I mentioned gal, we have a town here of Moraga behind the East Oakland Hills, beyond Moraga on a winding road is a beautiful area of Redwood groves called Canyon with nothing but an old schoolhouse/post office, during the 60s the Hippies settled back in the trees and built Hippie shacks.  One day the gal came out for a final on a house I was building in Moraga, she said: "Tell you what Dick, when I finish here I've got to go condemn a shack in Canyon, how about I sign you off and you accompany me out to Canyon?"  I looked at her and she had short pants on, I said: "You don't need me you need a cop, those Hippies grow marijauna and have guns to protect their pot."  She said they wouldn't give her a cop, so I said okay to get in my truck, when we got there there was no-one home, she wrote like Hell and posted a red tag with her list of violations then we jumped in my truck and I took her back to her county car at my jobsite in Moraga.


----------



## tmurray (Feb 26, 2018)

What are foundation vents?
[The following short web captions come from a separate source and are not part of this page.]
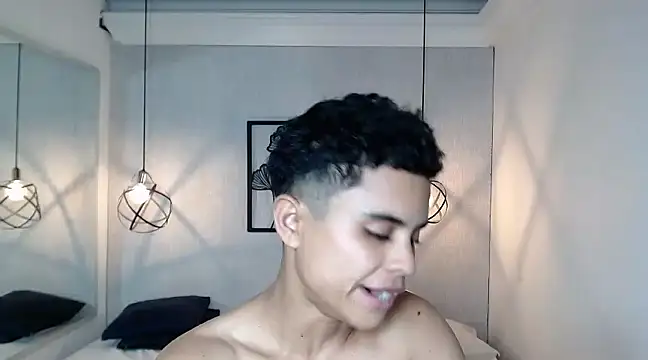 Liiamthompson online show from March 2025 05:17:02 PM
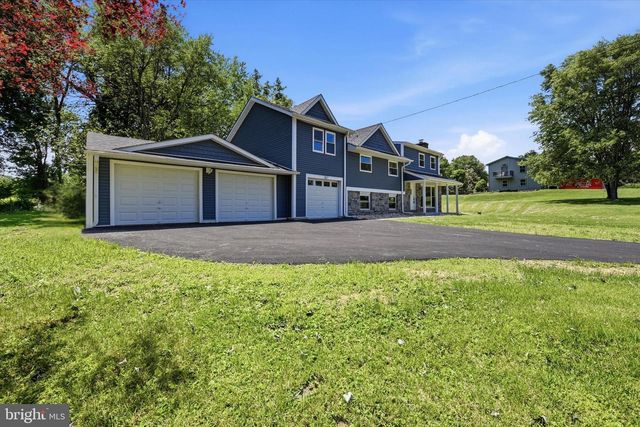 1376 COLLEGE HILL DR, Cheyney, PA 19319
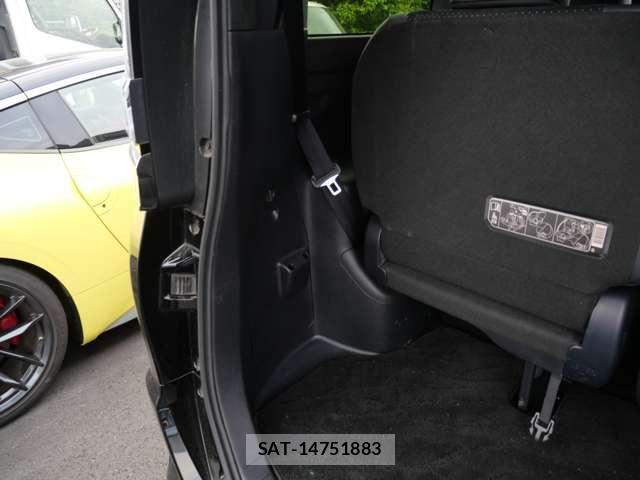 Toyota VOXY 2021-07 7458727-21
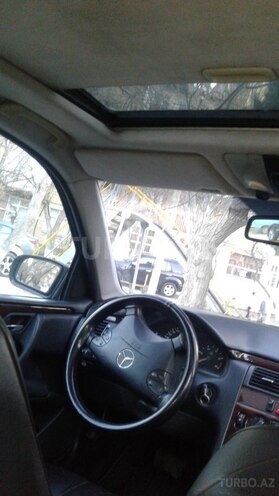 Mercedes E 220 2001, 314,123 km - 2.2 l - Bakı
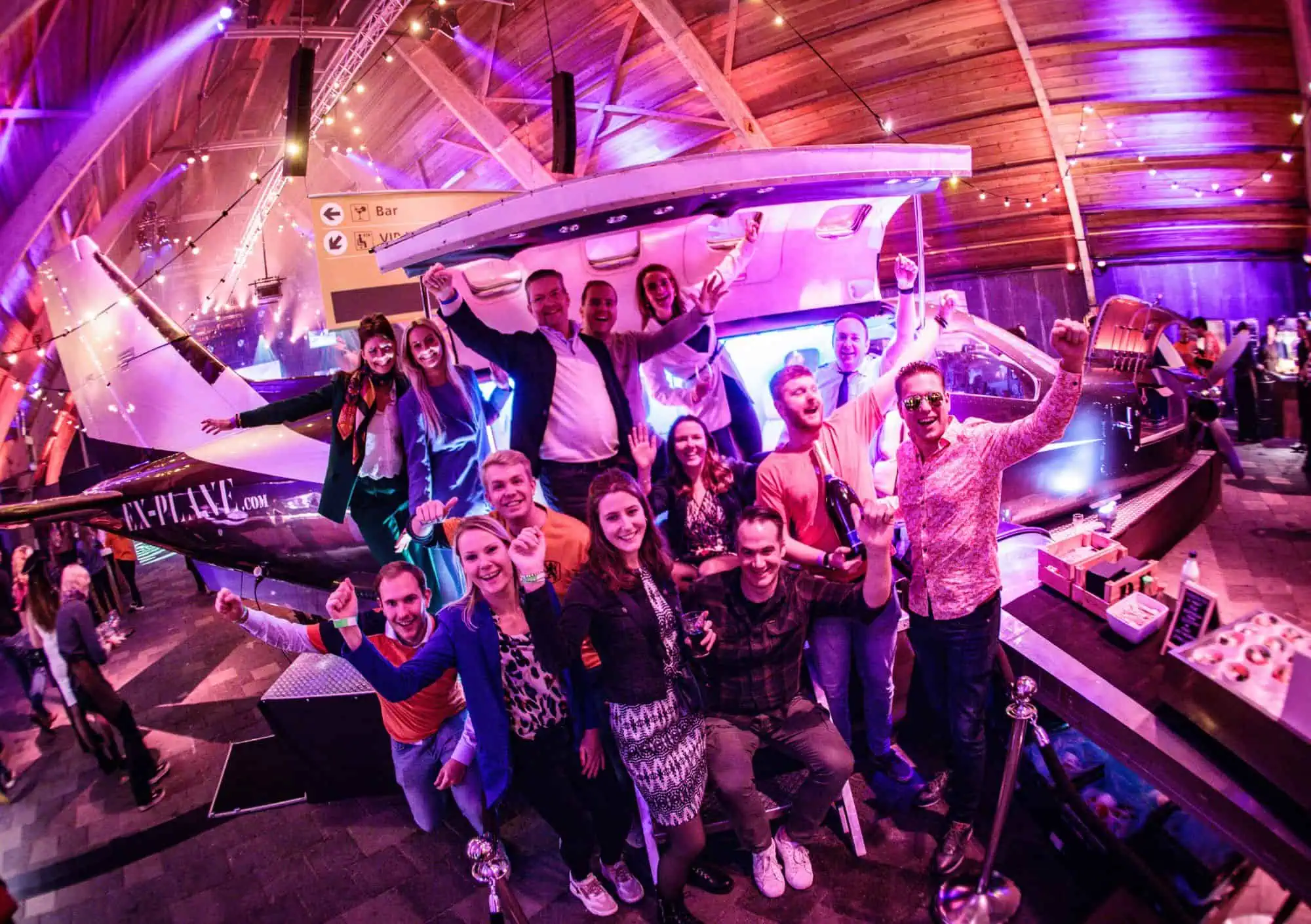 Bedrijfsfeest thema reizen Utrecht met de EX-Plane als unieke locatie en decoratie voor een volledig verzorgd personeelsfeest door 24-7 Events.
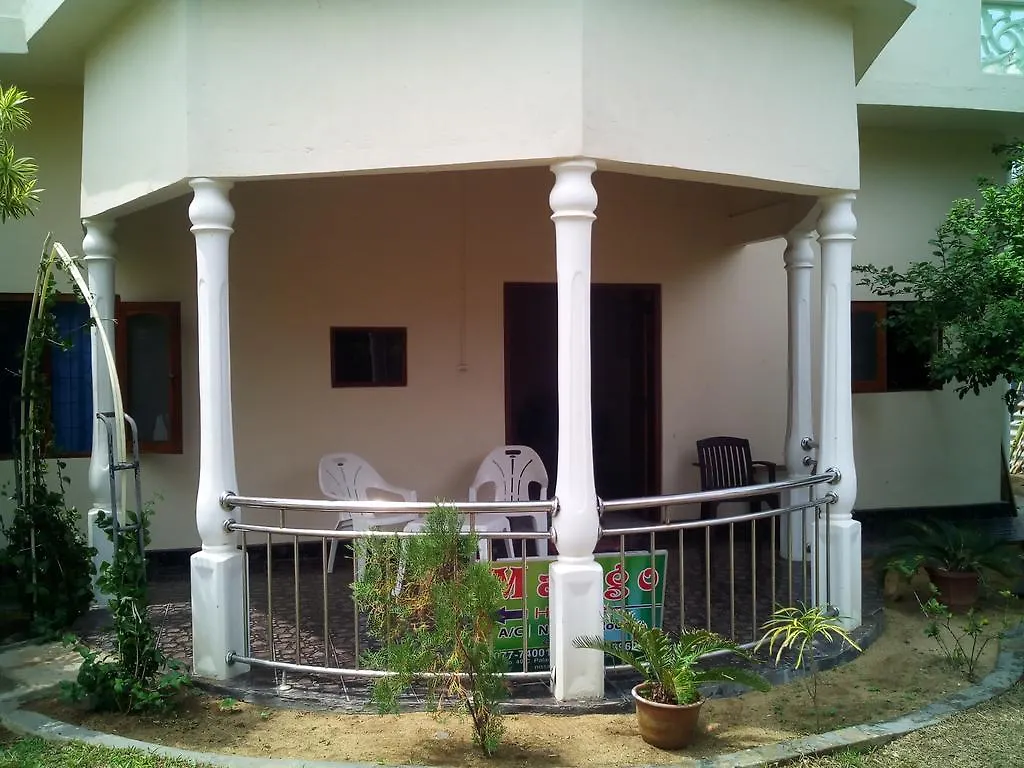 Yoho Mango House Hotel Negombo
I've never heard of them...


----------



## conarb (Feb 26, 2018)

tmurray said:


> What are foundation vents? I've never heard of them...



That's because you are not on the International Codes, you lucky Canuck, someday we'll attack you and make you citizens of the world too, in the meantime look at the picture above, behind those holes in the stone are $1,700 worth of fire-baffeled vents.


----------